I have seen their misery. I have heard their cries. I am concerned about their suffering. And I am sending you.
God sends us. He looses us to be part of His redemptive plan. He is the God of light and justice. And He calls us to be light-bearers and justice fighters.
God loosed my spiritual chains many years ago. He delivered me from emotional and spiritual entrenchment. And then He sent me to be a light-bearer in a dark world. I don’t always want to be a light-bearer. Sometimes I feel like Moses. Who am I, Lord? I’m one light. One voice. One person. One pray-er.
Last week, a friend died. He was young, and his death left too many unanswered questions about what happened. We may never know, but God knows.
My friend was someone who had a gaping hole in his soul. A hole that I could not fill. I know the One who could have filled that hole. And I tried to bring light into his world and tell my friend about the One who fills the empty places.
But sometimes the pain is immense. Sometimes the hole is as deep as the sea. Sometimes the darkness is overpowering.
Today I asked God that same question: who am I, Lord? And He reminded me that I was not God. Yet God is with me.

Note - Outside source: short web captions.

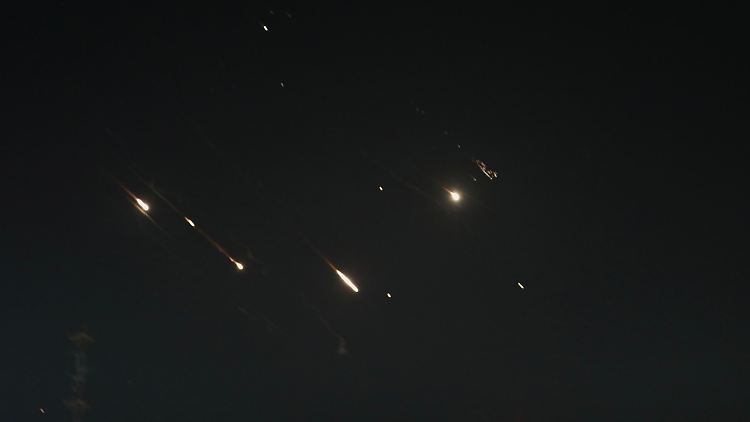 Ein Himmel fast wie in der Ukraine - allerdings steht die Abwehr: Flammen von Explosionen leuchten über Jerusalem, während unter anderem Israels Raketenabwehrsystem "Iron Dome" Raketen und Drohnen abfängt. 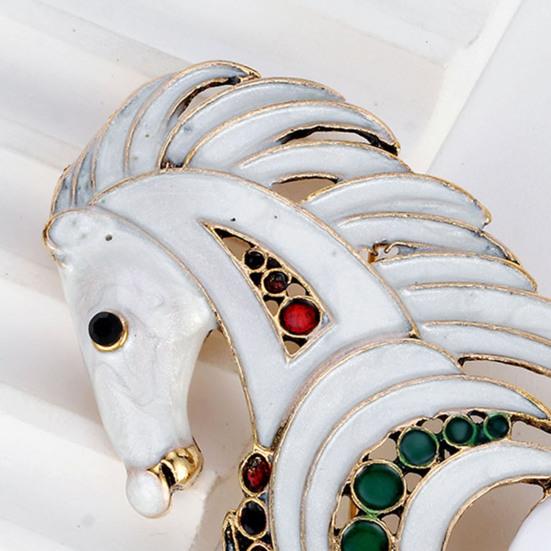 Эмалевая брошь Белая лошадь Ретро брошь на лацкан Лошадь с подвеской из искусственного жемчуга Животное Брошь-булавка Аксессуар для платья Костюма Подарок для нее него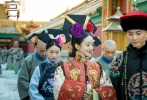 清朝康熙年間，沉香(周冬雨 飾）入宮遇到同齡的宮女琉璃（趙麗穎 飾），結(jié)為好友。然而琉璃一心想出人頭地，不惜陷害好友，而沉香則偶然與十三阿哥（陳曉 飾）相愛(ài)。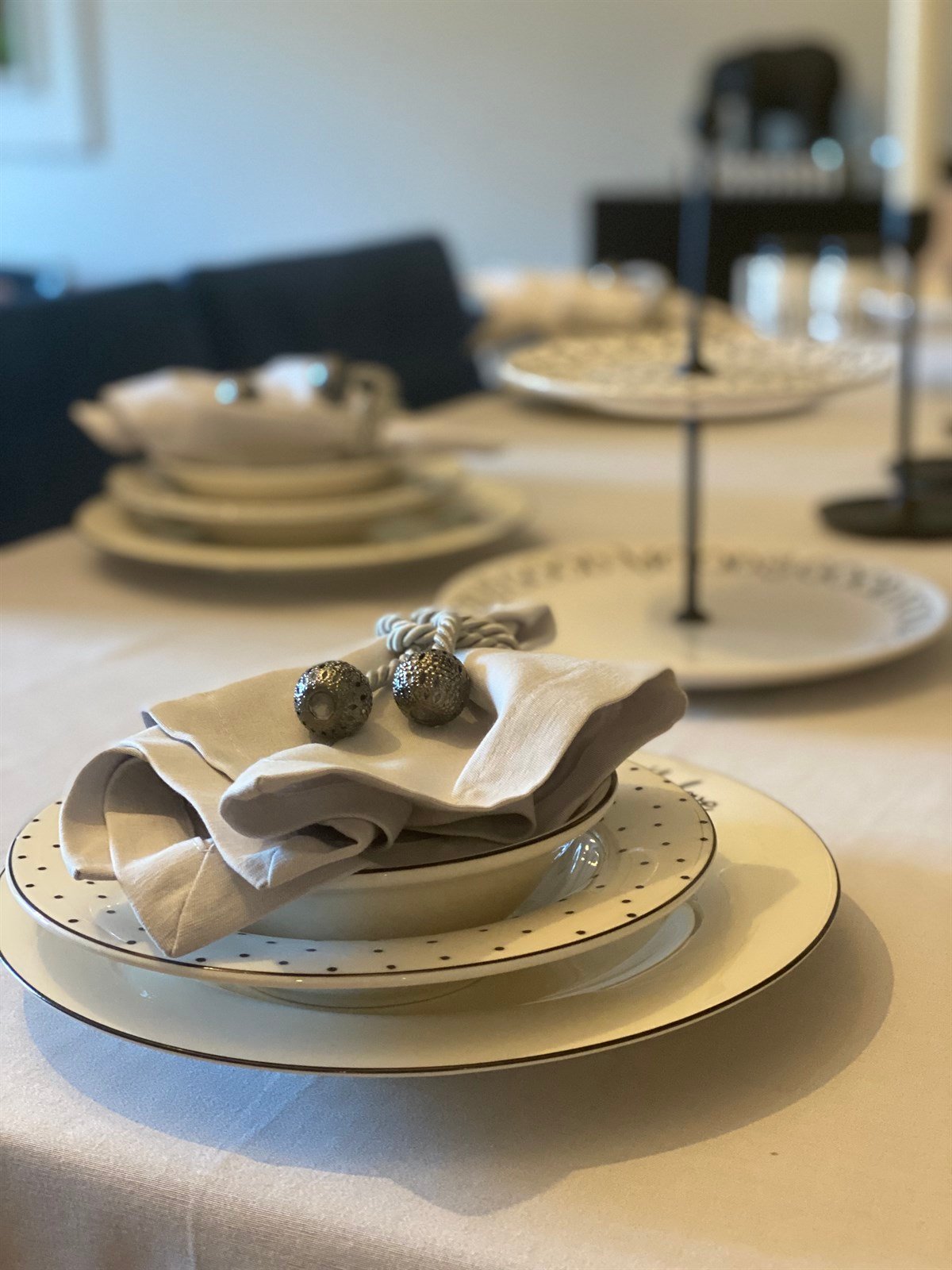 Tamriel Gri Peçeteli Masa Örtüsü 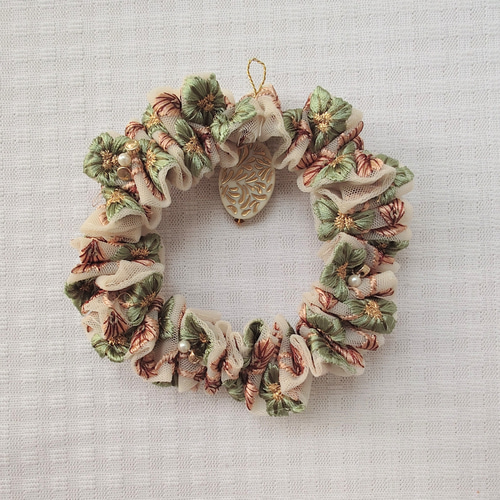 クリスマスミニリース インド刺繍リボン くすみグリーン クリスマス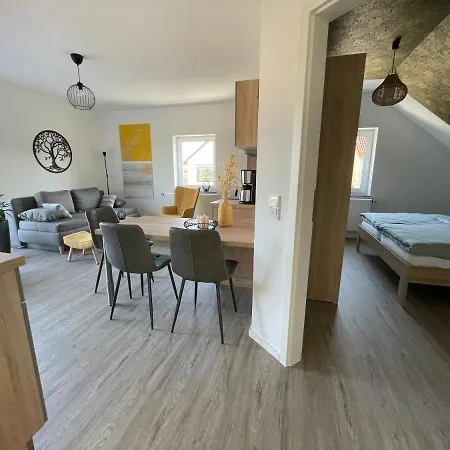 Moderne Mit Balkon Inmitten Der Lausitz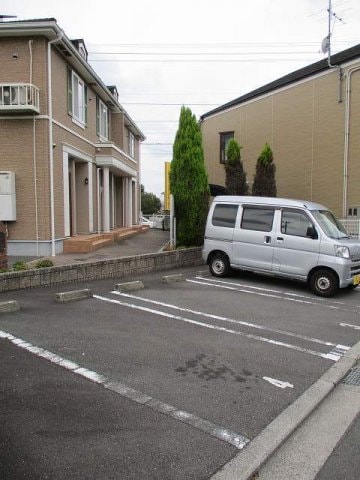 車をお持ちの方に嬉しい駐車場付きの物件です アドラブール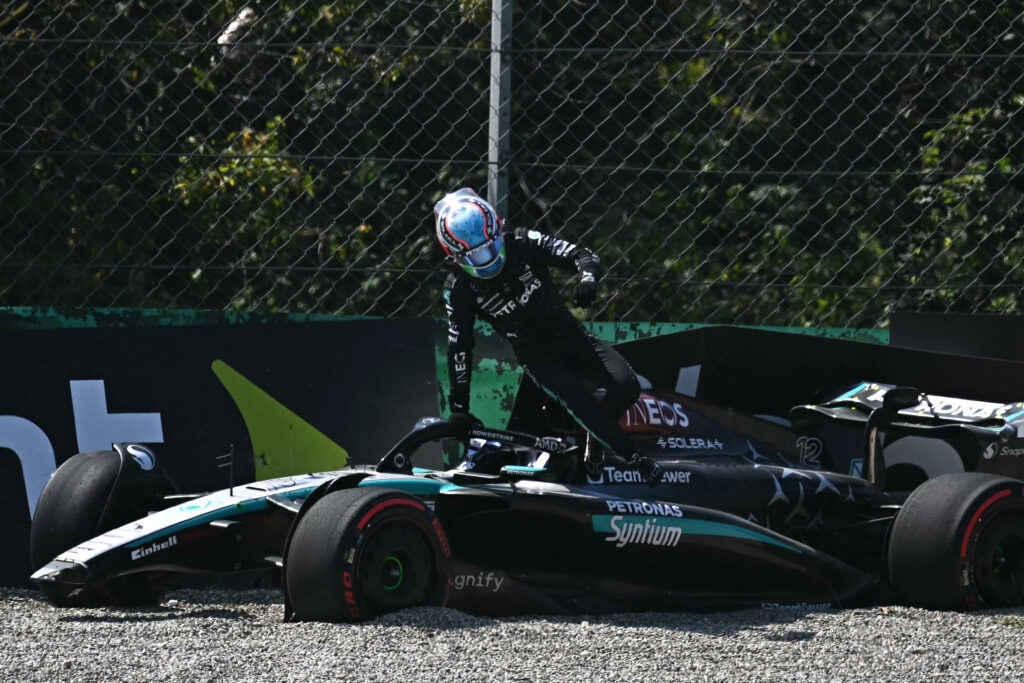 Mercedes' Italian driver Andrea Kimi Antonelli leaves his car after crashing during first practice session at Monza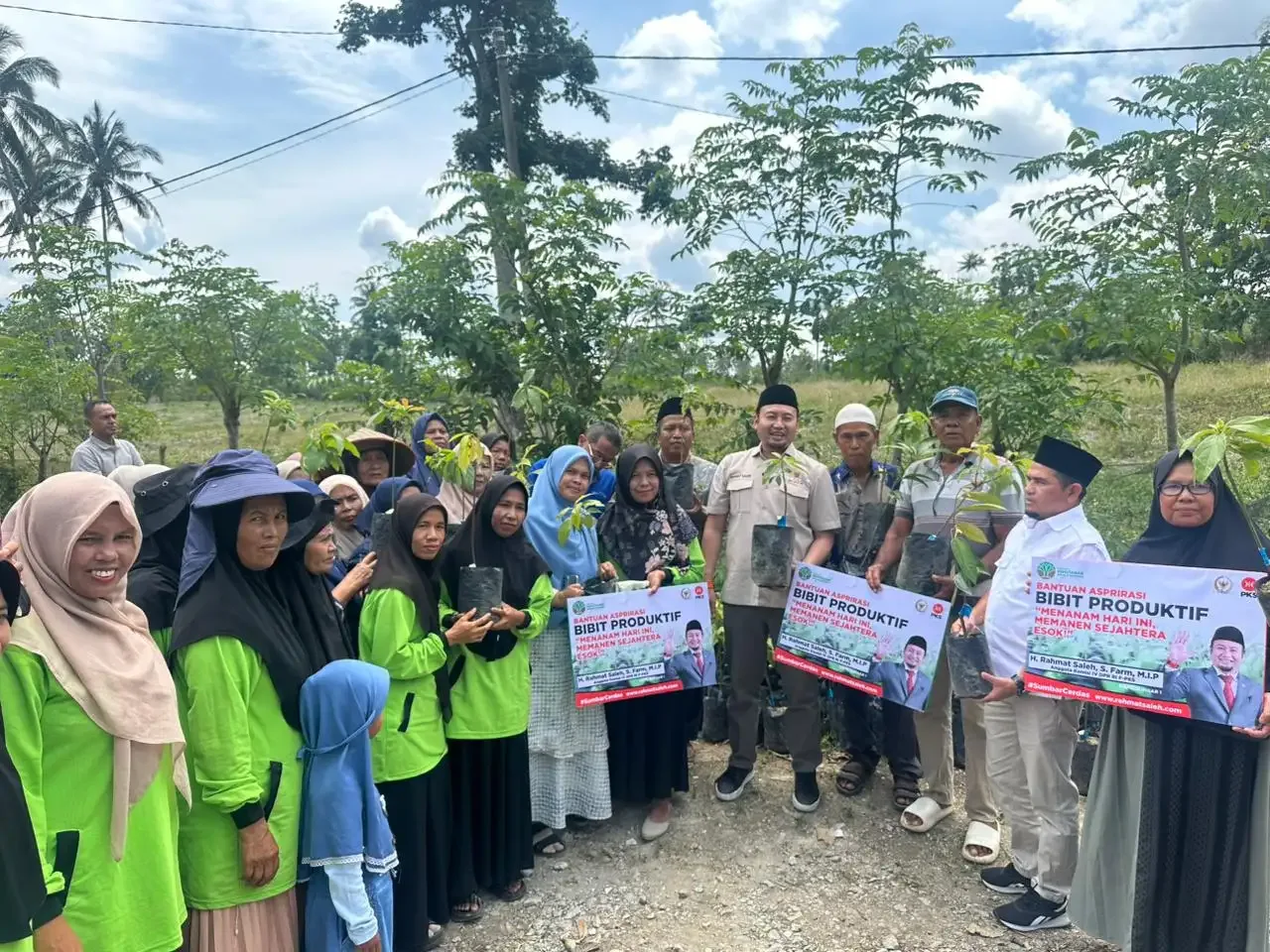 komitmen-rahmat-saleh-kuatkan-sektor-pertanian-di-solok-dengan-bibit-unggul komitmen-rahmat-saleh-kuatkan-sektor-pertanian-di-solok-dengan-bibit-unggul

The Existent One Who Abides with me was also with my friend when the darkness became too much.
I confess I am an American who would rather have an American Jesus than the real Jesus. I want Jesus to take my problems and unanswered questions solve them in 30 minutes and serve the solution to me in a big red box with a bow on top.
Instead, Jesus says, “I am with you…until the very end of the age”. So, today, I am trusting God that His love, compassion, and justice are bigger than my doubts and fears. I am trusting that the God of all the earth will do what is right and good. And I am trusting that I will see my friend again when we both stand on the other side of glory in the presence of the Existent One Who Abides with us.